Le FMI a, cet été, consenti une facilité de crédit de 1,5 milliard de $ à la RDC. Quelques jours après cet accord, les USA, accordaient directement 1,6 milliard de $ d’aides supplémentaires.
Le message est clair.
Qui peut soutenir que les conditions de gouvernance, de corruption, de gestion des finances publiques de la RDC puissent être données en exemple à son petit voisin le Congo-Brazzaville ?
Et justifier ainsi sur cette base un tel engagement financier de l’Amérique ?
Aussi les spéculations sur le « dernier mandat » de Sassou N’Guesso et la transmission annoncée du pouvoir d’un claquement de doigt à son fils « Kiki 1er » apparaissent elles bien aventureuses.

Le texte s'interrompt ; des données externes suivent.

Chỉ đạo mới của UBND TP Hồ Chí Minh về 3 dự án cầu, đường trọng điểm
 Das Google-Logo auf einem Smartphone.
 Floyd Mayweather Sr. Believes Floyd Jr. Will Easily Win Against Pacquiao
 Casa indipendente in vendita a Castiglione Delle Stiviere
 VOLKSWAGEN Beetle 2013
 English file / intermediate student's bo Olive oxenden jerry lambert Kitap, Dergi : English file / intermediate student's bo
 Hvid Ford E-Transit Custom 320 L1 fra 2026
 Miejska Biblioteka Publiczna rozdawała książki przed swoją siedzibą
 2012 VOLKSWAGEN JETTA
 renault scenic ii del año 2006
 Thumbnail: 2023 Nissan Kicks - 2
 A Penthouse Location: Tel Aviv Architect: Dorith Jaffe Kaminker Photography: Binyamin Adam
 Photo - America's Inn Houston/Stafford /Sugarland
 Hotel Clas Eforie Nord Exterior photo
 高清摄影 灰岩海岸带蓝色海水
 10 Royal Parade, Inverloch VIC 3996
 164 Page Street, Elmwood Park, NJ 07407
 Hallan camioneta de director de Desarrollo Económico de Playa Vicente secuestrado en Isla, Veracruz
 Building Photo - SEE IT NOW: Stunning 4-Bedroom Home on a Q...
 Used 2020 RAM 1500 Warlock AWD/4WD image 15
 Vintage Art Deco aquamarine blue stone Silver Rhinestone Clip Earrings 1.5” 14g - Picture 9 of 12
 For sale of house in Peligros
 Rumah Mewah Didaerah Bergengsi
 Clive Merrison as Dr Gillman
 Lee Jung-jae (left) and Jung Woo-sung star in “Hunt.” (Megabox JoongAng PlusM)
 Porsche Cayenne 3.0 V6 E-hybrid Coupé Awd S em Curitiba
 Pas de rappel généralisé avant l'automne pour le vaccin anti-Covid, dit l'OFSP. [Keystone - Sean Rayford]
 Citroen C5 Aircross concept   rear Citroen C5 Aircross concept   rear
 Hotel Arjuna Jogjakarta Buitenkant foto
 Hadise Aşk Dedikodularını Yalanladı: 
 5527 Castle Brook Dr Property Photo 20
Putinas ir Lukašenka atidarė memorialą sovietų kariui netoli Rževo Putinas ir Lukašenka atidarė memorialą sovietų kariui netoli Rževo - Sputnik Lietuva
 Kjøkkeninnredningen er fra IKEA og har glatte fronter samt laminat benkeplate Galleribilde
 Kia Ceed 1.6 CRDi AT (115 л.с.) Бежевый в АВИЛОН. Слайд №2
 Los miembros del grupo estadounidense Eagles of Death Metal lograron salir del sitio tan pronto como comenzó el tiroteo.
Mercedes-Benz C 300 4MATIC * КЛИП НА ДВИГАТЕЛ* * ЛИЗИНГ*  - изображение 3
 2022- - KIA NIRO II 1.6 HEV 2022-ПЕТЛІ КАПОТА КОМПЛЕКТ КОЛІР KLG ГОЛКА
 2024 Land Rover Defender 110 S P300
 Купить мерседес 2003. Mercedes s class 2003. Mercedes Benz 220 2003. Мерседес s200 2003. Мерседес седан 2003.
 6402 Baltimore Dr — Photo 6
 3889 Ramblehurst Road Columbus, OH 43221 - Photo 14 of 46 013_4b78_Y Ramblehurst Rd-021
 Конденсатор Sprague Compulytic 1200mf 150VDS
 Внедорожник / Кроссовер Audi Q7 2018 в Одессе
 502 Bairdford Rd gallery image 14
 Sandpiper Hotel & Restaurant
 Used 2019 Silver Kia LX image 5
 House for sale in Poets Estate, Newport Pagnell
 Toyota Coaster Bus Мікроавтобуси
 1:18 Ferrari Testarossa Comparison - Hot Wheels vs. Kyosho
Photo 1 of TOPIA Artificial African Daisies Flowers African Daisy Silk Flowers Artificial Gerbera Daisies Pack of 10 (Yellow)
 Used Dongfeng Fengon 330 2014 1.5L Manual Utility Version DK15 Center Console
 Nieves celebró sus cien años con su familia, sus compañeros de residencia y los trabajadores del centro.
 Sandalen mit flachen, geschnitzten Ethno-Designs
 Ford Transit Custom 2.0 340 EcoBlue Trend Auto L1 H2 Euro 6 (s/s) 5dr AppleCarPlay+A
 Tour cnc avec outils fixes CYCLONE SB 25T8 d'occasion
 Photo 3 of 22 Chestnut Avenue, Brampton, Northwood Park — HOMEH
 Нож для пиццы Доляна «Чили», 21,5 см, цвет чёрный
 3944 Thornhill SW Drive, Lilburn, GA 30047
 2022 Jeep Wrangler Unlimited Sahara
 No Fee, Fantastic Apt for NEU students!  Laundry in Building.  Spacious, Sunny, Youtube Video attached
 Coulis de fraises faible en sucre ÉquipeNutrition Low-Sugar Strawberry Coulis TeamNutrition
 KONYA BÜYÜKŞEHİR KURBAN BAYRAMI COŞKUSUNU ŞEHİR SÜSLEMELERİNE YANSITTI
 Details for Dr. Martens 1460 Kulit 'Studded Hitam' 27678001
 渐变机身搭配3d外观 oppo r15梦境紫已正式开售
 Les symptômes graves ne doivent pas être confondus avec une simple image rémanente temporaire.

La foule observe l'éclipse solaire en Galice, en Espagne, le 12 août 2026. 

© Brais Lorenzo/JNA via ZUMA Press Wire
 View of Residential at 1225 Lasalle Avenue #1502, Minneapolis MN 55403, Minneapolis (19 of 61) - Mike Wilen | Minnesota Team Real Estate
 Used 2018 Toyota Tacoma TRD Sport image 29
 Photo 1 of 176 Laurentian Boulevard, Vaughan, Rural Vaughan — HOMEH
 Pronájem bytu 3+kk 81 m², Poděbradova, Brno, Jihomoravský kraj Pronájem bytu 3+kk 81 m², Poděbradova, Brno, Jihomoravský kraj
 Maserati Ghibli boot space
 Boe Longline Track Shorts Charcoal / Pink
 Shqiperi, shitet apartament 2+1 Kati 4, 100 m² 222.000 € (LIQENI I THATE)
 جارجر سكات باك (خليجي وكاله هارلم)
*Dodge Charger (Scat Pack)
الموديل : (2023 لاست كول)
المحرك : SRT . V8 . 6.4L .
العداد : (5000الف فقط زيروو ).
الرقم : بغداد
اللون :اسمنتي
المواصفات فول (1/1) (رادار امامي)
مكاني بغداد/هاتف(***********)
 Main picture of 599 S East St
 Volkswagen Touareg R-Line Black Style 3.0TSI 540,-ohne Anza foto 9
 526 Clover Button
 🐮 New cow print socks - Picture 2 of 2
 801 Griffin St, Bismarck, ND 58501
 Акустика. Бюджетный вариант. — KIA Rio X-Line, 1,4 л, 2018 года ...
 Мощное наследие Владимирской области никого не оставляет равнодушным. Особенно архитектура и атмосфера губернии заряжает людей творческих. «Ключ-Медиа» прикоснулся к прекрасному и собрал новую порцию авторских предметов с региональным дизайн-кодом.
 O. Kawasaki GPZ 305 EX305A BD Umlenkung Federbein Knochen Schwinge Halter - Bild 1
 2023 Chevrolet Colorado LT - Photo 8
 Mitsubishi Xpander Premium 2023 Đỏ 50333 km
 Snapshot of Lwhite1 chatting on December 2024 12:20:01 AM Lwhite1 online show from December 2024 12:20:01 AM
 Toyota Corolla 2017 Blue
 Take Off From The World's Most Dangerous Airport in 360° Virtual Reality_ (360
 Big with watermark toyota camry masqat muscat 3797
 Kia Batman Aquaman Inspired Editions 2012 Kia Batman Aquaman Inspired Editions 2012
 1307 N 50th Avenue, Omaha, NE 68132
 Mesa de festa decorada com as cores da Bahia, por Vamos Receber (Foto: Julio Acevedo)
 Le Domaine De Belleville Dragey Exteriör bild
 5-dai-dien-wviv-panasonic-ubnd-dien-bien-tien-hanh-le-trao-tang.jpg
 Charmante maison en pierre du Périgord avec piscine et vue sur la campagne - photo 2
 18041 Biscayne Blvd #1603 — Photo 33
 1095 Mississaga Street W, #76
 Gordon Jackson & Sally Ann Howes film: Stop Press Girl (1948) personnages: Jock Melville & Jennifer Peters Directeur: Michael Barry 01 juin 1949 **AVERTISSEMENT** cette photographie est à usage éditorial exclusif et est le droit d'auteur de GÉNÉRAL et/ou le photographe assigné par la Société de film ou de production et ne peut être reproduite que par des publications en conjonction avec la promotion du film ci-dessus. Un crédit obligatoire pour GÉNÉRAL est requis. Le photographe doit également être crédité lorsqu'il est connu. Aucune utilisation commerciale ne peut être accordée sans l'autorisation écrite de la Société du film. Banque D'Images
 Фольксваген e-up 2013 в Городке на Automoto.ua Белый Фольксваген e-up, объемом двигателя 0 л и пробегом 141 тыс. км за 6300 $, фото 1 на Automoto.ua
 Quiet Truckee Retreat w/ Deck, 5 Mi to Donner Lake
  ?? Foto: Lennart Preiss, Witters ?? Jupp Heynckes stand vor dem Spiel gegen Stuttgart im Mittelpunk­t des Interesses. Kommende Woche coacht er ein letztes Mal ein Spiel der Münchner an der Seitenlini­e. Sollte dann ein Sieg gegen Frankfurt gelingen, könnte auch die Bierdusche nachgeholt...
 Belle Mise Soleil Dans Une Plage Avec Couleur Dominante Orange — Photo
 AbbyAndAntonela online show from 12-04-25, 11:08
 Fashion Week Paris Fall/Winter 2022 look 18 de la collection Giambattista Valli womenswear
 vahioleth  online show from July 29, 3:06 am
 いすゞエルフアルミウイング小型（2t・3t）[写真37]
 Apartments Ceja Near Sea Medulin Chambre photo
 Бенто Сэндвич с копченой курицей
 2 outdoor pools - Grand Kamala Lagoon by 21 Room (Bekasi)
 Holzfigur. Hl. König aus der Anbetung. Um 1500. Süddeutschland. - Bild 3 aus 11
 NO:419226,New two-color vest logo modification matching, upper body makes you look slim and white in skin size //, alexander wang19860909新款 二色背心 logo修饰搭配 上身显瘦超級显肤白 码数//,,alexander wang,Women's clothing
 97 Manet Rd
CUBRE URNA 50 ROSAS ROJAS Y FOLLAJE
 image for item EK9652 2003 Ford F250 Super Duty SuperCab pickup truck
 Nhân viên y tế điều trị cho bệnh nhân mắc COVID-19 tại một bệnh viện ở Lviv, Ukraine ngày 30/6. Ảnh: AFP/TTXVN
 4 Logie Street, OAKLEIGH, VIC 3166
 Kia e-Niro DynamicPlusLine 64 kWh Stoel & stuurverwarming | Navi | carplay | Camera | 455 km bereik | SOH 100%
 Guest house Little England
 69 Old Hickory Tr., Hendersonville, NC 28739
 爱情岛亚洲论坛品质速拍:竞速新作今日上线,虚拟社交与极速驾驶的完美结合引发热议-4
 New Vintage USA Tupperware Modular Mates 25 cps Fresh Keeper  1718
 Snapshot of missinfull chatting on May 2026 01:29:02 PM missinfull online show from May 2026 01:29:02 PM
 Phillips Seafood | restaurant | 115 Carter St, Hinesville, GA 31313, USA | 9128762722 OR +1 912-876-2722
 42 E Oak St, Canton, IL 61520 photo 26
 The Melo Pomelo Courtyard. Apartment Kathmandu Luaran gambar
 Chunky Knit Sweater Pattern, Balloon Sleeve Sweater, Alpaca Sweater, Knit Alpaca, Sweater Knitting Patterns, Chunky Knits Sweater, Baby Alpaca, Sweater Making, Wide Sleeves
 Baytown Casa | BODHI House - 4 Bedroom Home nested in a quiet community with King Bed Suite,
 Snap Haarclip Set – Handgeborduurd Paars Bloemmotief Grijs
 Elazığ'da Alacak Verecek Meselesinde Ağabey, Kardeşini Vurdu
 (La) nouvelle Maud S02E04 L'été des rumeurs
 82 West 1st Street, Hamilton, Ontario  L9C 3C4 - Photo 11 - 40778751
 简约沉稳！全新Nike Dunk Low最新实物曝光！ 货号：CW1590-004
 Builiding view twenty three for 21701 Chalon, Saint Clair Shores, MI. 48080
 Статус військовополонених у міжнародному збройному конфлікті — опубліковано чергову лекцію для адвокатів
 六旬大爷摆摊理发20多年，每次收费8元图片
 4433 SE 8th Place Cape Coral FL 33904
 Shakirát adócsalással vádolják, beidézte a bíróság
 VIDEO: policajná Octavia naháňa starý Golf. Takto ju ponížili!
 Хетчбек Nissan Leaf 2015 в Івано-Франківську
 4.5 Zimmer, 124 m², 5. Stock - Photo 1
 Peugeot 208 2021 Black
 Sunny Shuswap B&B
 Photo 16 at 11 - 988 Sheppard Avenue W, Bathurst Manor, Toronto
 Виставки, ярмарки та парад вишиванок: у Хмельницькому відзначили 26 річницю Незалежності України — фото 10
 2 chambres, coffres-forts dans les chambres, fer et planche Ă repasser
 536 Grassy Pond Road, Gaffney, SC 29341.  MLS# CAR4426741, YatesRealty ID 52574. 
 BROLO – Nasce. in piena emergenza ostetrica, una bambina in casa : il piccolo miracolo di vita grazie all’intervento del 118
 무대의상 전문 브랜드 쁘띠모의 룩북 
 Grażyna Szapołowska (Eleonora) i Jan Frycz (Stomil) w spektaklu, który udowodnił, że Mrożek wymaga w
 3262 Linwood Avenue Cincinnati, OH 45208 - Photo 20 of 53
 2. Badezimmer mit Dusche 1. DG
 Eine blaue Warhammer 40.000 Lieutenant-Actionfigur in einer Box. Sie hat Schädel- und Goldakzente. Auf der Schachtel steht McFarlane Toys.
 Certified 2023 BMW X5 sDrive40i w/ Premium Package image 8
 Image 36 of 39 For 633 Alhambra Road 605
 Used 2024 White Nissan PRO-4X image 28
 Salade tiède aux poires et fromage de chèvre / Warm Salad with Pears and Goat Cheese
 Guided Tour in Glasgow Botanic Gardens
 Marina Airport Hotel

Dans le contexte de guerre froide qui s’affirme chaque jour plus intense entre la Chine et les Etats-Unis, il est illusoire de penser que les Etats-Unis ne vont pas s’impliquer très fortement dans cette succession et laisser sans réagir, le soin à un clan affidé à Pékin par ailleurs ultra minoritaire dans le pays, le soin de gérer un Etat en passe de devenir une concession chinoise.
Si le Congo-Brazzaville (342 000 Km2et 5 millions d’habitants) est un nain géographique et humain à côté de la RDC (2 340 000 km2et 100 millions d’habitants) il occupe néanmoins une position hautement stratégique avec une façade maritime et un port en eau profonde (Pointe-Noire) dont est dépourvue la RDC, laquelle, avec plus de 9 000 Km de frontières, ne dispose que de 37 km de façade océanique et aucun port digne de ce nom.
Pays de transit, le Congo-Brazzaville se rêve depuis des décennies en « hub » de l’Afrique centrale, et sa position géographique en fait, certes, la voie naturelle et incontournable des exportations de tout l’hinterland vers l’Occident.
Mais le pays rongé par les divisions et dont 80 % de la population est tenue à l’écart depuis 30ans de toute vie sociale, politique et économique, est aussi entouré de très puissants voisins, la RDC et l’Angola non dénués d’appétits.
Ici se situe certainement le véritable enjeu de la succession d’un Sassou N’Guesso toujours vissé sur son trône, mais assis sur une poudrière.